Chapter 17

Creating a Data Flow

This lesson covers the basics of the Data Flow Task. Section 3 comprises lessons covering the sources, destinations, and transformations in detail. However, this lesson gives you the tools to get started creating a Data Flow and understanding its purpose.

The Data Flow Task is used to transfer data from a source to a destination and can transform the data as needed. The Data Flow Task is capable of handling large amounts of data. The source and destination can be any of several different types, such as a flat file or database, and can contain millions of rows of data. The destination can also be of several types.

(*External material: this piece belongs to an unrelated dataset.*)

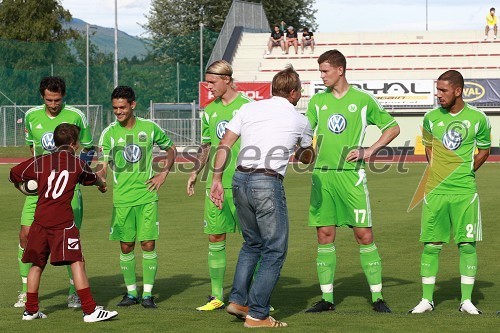 ..., Gašper Kunšek, finalist odaje SIT, Josué, VfL Wolfsburg ..., Marko Škriba, vodja znamke Volkswagen v Sloveniji, Alexander Madlung,VfL Wolfsburg, Patrick Ochs, VfL Wolfsburg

You can use the Data Flow Task to extract data from a database and write to a flat file location or to move the data from a flat file to a database. This capability enables you to receive files from outside sources and write this data to your database. You can also use the Data Flow Task to move data from one database to another.

The transforms that exist in the Data Flow enable you to make changes to the data as you move it from a source to a destination. For example, if you are receiving flat files from a vendor and the data is not formatted correctly (say, the Social Security numbers need to have dashes) you can fix that before writing it to a database. Fixing things like that prior to writing to your database prevents you from having to run updates on your database later.

Additionally, these transforms are faster in SSIS. SSIS performs the transforms in memory, which is why it is much faster than reading and writing the data to a drive. This speed is especially evident in the case of running updates to a table. SQL update commands read data from a database and write data back to the same database. This reading and writing to the same location makes the process very slow compared to SSIS.

The Data Flow enables you to save data to multiple locations simultaneously, which also improves performance when you are saving data. You can receive a flat file from a vendor, open it with an SSIS package, parse through the data, make decisions on where data needs to be written, and write the data to multiple locations, all in one Data Flow.

You have two ways to create a Data Flow in a package. You can drag out the Data Flow Task from the Toolbox, or you can click the Data Flow tab at the top and click the blue link in the middle of the screen. This link states, as shown in Figure 17-1, “No Data Flow tasks have been added to this package. Click here to add a new Data Flow task.”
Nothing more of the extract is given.